Your doctor may recommend that your daily intake of fluids be limited to 11/2 to 2 quarts (6 to 8 cups) per day.
Daily fluid guide
Keeping track of fluid intake:
- Use a container large enough to hold the total amount of daily fluid your doctor has recommended. Fill the container with that much water. A standard household measuring cup is needed for exact measuring.
- Every time fluid is consumed, measure that much water out of the container. For example, if you are drinking a 1/2 cup of milk, measure a 1/2 cup of water from the container.

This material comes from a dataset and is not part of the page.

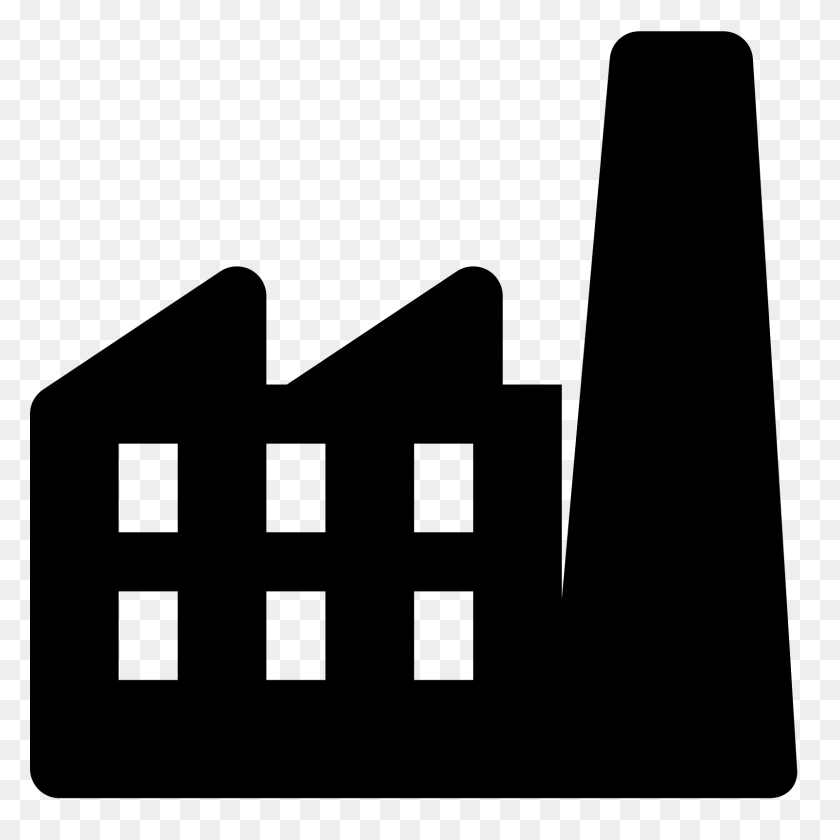 1600x1600 Factory Icon - Smoke Overlay PNG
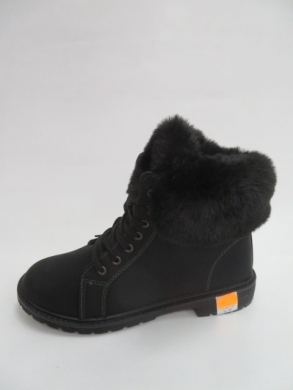Trapery damskie ocieplane (39-42) 3119-1 BLACK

- You will have used your daily fluid allowance when the container is empty.
What do I track?
- Count all fluids that you consume. This includes water, coffee, tea, juice, milk, soft drinks, ice cubes, etc.
- Count the fluid in all foods that become liquid at room temperature. Examples include Jell-O, sherbet, ice cream, ice milk, fruit ice, Popsicles and frozen yogurt.
What can I do about a dry mouth?
Suck on hard, sugar-free candy, a lemon wedge, frozen orange sections, frozen grapes or chew on gum to moisten your mouth. Brushing your teeth often will also help.
1 cup = 8 ounces
4 cups= 32 ounces = 1 quart
6 cups = 48 ounces= 11/2 quarts
8 cups = 64 ounces= 2 quarts
Remember, do not exceed your recommended daily fluid allowance.